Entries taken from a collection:
Content starts

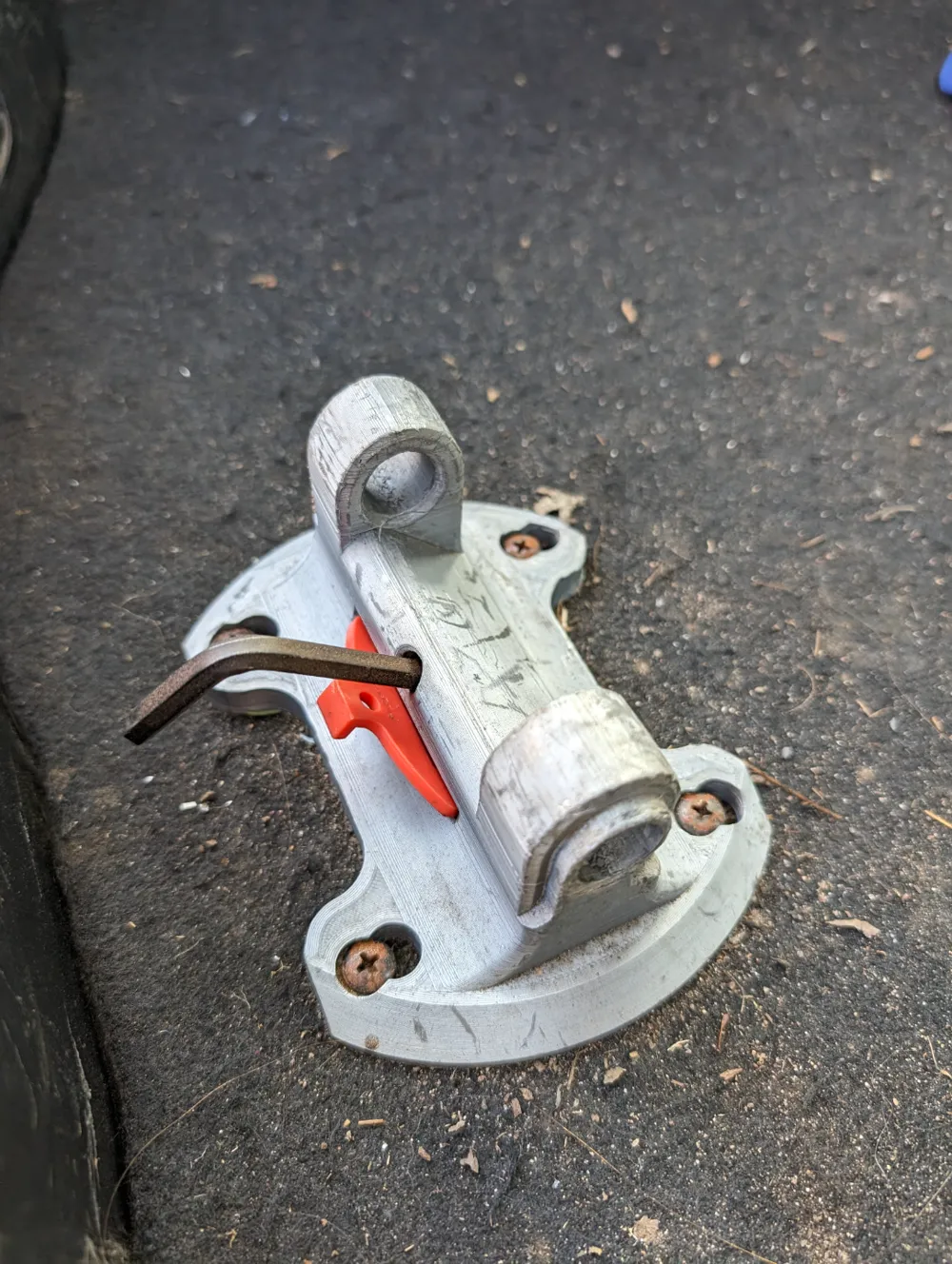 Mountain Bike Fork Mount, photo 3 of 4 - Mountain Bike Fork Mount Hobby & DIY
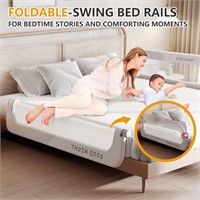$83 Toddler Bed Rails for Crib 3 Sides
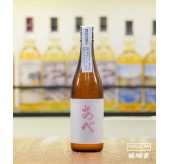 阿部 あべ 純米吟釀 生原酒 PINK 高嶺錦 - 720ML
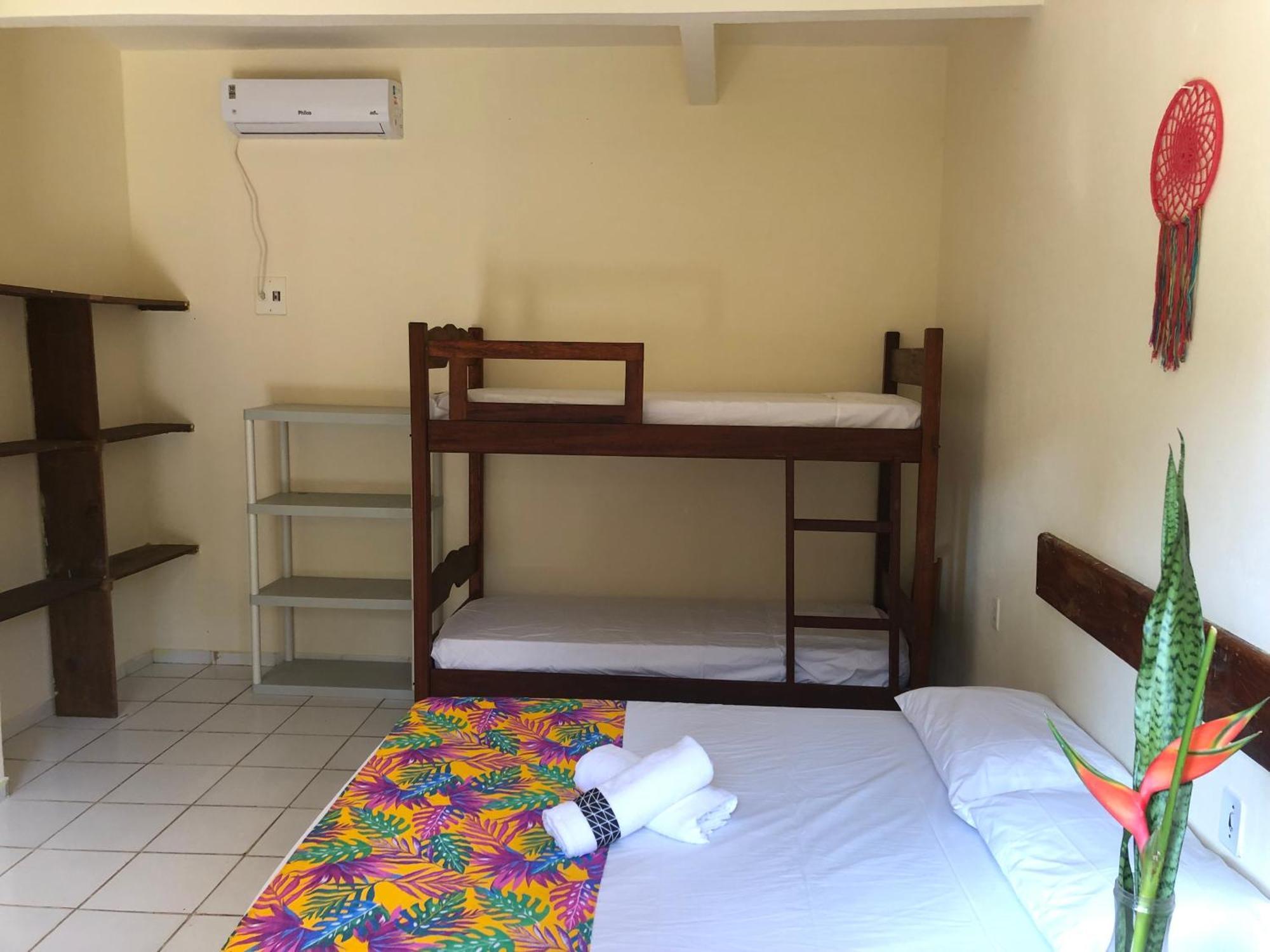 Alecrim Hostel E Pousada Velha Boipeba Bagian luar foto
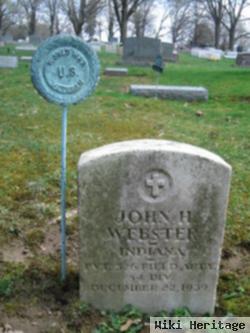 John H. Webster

Content ends

◆ REQUIREMENT
Would you print, exactly as they appear, the lines from the line with "Crib 3 Sides" through the end of the entries above, leaving out the pictures?

◆ EXPECTED ANSWER
$83 Toddler Bed Rails for Crib 3 Sides
 阿部 あべ 純米吟釀 生原酒 PINK 高嶺錦 - 720ML
 Alecrim Hostel E Pousada Velha Boipeba Bagian luar foto
 John H. Webster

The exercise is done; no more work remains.